Eskiden bu iş böyle miydi? Bu işe saygı mı kaldı canım? Hizmetlinin maaşı neredeyse bizimkiyle aynı? kavlinden ifadeler kulaklarımıza hergün misafir olur hale geldi.
Bu iş çocuklara kadar düşmüş.
“Yalancı Çoban” hikayesini Oxford eğitim setinde keyifle okuyan çocuklar, “bu yaştaki çocuklara neden çobanlık yaptırıldığını” masumca sorarken, kendilerinin büyüyünce çoban olup olmak istemediklerine dair soruya burun kıvırabiliyor. Çünkü, onların idealleri var. Onlar kim, çoban olmak kim! Onlar çocuk, çocukların masum duygularını burada bırakalım.
Üniversitede Eğitim Fakültesi’nde profesör olan biri, mesleklerin tartışıldığı bir Twitter paylaşımında “Herkes okuyacak değil ya, kimileri temizlik yapacak, kimileri çarşaf değişterecek tabii ki” - anlamındaki paylaşıma cevaben , “ her meslek kıymetliyse, birileri temizlik yapacaksa , senin çocuğun temizlikçi olsun o zaman” diyebiliyor. Amacım, bir tarafı yaparken diğer tarafı yıkmak olmadığından bu profesöre bir şey demeyececeğim, çünkü bu yanlıştan hep beraber kurtulmalıyız. Belki, bir sonraki paragraf o proferörün vicdanını da sızlatır.
Yaklaşık 25 yıldır bekçiliğini yaptığı kuruma ne zaman devletin yukarılarından birileri ziyarete gelse, çalıştığı bütün amirleri tarafından “Mahmut, sen ortalıkta gözükme” denilen, Mahmut abi duygularını anlatırken ağlamaklı bir şekilde” benim ne eksiğim var, ben insan değil miyim, ben de o adamlarla bir el sıkışsam, benim de onlarla bir fotoğrafım olsa ne olur” diyor. Haksız mı?
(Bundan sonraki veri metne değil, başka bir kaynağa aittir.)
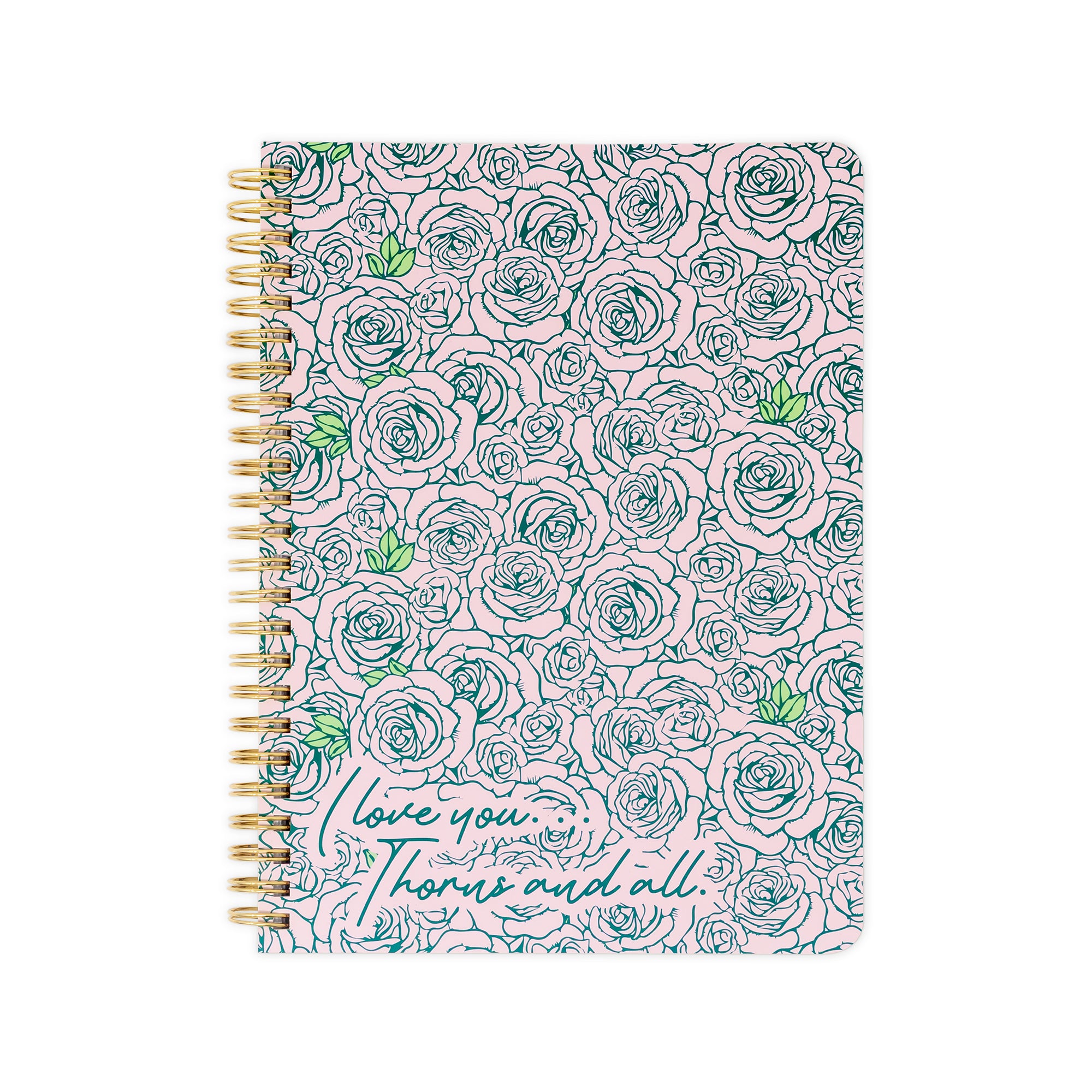 Mini Notebook, Spring Court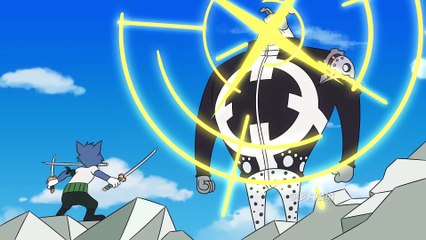 ZoroTom VS Kuma - Onepiece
Acaba bundan yukarıdakilerin haberi var mı? Varsa, bunu umursamıyorlarsa, onları da bir gün birilerinin bir fotoğraf karesinden çıkaracağını hatırlatmak isterim. Onlara da bir gün “sen kaybol” denilecektir. Eğer, haberleri yoksa, kendilerine bağlı her hangi bir kurumu ziyaret ettiklerinde, o kurumun güvenliğine, temizlikçisine selam vermelerini tavsiye ederim. Bu insanlara, gayretlerinden dolayı küçük bir teşekkür çok büyük anlamlar taşır diye düşünüyorum.
Bu işin eğitim boyutuna gelince, okullarda çocuklarımıza, okulun temizlik, ısınma, bekçilik vs. hizmetlerini yapan ağabey, ablalara selam vermeyi öğretmeliyiz. Çocuklarımız temizlikçiye , “Okulumuzu her gün bizim için tertemiz yaptığın için teşekkür ederim “ deseler, kaybedecek hiçbir şeyleri olmaz. Aksine, büyürler.
Unutmayalım, bütün büyük adamlar, garipler, yetimler ve yoksullarla beraberdiler.